Monday 19 May 2014

Ed Miliband's target

Ed Miliband has proposed a long-term link between the median earnings and the minimum wage.  In case you think this might amount to a promise, Miliband says it's a target he hopes his government will reach by 2020 or thereabouts. But does it make any sense?

The median wage isn't the same as the average wage. It's the wage in the middle, which is to say if you arranged the salaries of all Britain's 33 million workers in quantity order, the one about 16.5 million from the end (or the beginning, come to that). It seems a funny benchmark, since it doesn't reflect what most people earn.
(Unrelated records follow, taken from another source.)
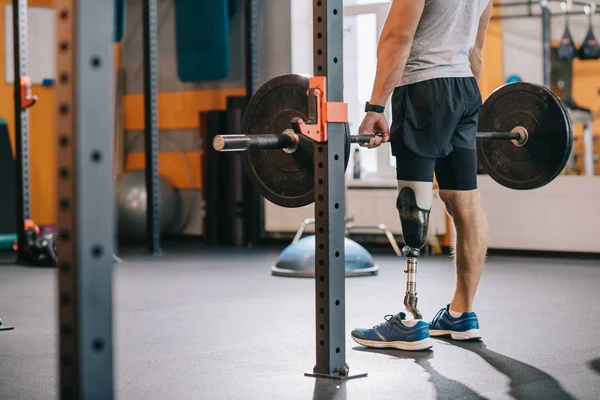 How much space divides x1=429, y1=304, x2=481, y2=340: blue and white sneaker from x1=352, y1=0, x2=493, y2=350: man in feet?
0.52

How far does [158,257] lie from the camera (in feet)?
20.2

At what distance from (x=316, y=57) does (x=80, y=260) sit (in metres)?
1.14

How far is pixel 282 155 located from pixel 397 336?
0.78m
There are several problems with Miliband's proposal. The first is that higher wages tend to mean fewer people having jobs. You can express it like this - the minimum wage (or the living wage if you like) means more money for the people with jobs, but fewer people having jobs at all. (Incidentally, before anyone points out that employment levels actually aren't that bad considering we've had the minimum wage for quite a long time, let me point out that levels might have been even better if we hadn't had one at all).
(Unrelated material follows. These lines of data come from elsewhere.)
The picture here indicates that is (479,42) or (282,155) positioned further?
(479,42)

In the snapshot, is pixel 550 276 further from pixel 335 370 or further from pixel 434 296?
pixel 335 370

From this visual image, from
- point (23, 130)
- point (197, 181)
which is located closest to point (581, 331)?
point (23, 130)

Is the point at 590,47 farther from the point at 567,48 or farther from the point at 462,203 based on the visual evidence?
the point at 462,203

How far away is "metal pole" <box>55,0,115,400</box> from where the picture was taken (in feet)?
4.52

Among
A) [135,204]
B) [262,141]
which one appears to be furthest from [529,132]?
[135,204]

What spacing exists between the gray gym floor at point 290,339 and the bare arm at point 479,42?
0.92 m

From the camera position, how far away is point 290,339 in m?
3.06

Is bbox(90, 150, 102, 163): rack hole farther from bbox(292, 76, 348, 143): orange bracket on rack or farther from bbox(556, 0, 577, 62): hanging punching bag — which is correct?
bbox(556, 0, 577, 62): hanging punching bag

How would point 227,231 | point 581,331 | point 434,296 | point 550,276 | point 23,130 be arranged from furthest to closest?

Moreover Miliband is ignoring the elephant in the room, which is that bottom end wages are low because Labour allowed in the best part of a million East Europeans after 2004, increasing the pool of available labour and easing pressure on employers to compete for staff by raising wages (thereby increasing inequality and, it might be added, increasing demand for housing not only by sheer weight of numbers but also by keeping interest rates low and encouraging people to borrow more).

Effectively Miliband is trying to fix a problem his party was instrumental in causing by attacking its symptoms rather than its cause.  The cause is too many people chasing too few jobs.

And of course as long as our immigration policy remains outsourced to the EU, continental Europe with its stagnating and dysfunctional economic system can continue to export its surplus labour to Britain, where it provides jolly good service in the hotels, turnip fields and coffee shops, ensuring that wages remain low at the bottom end and British people (many of them with brown faces) languish on the dole.

Of course this doesn't mean that Miliband's target won't hit a target of its own - the ignorance and gullibility of some of his natural supporters.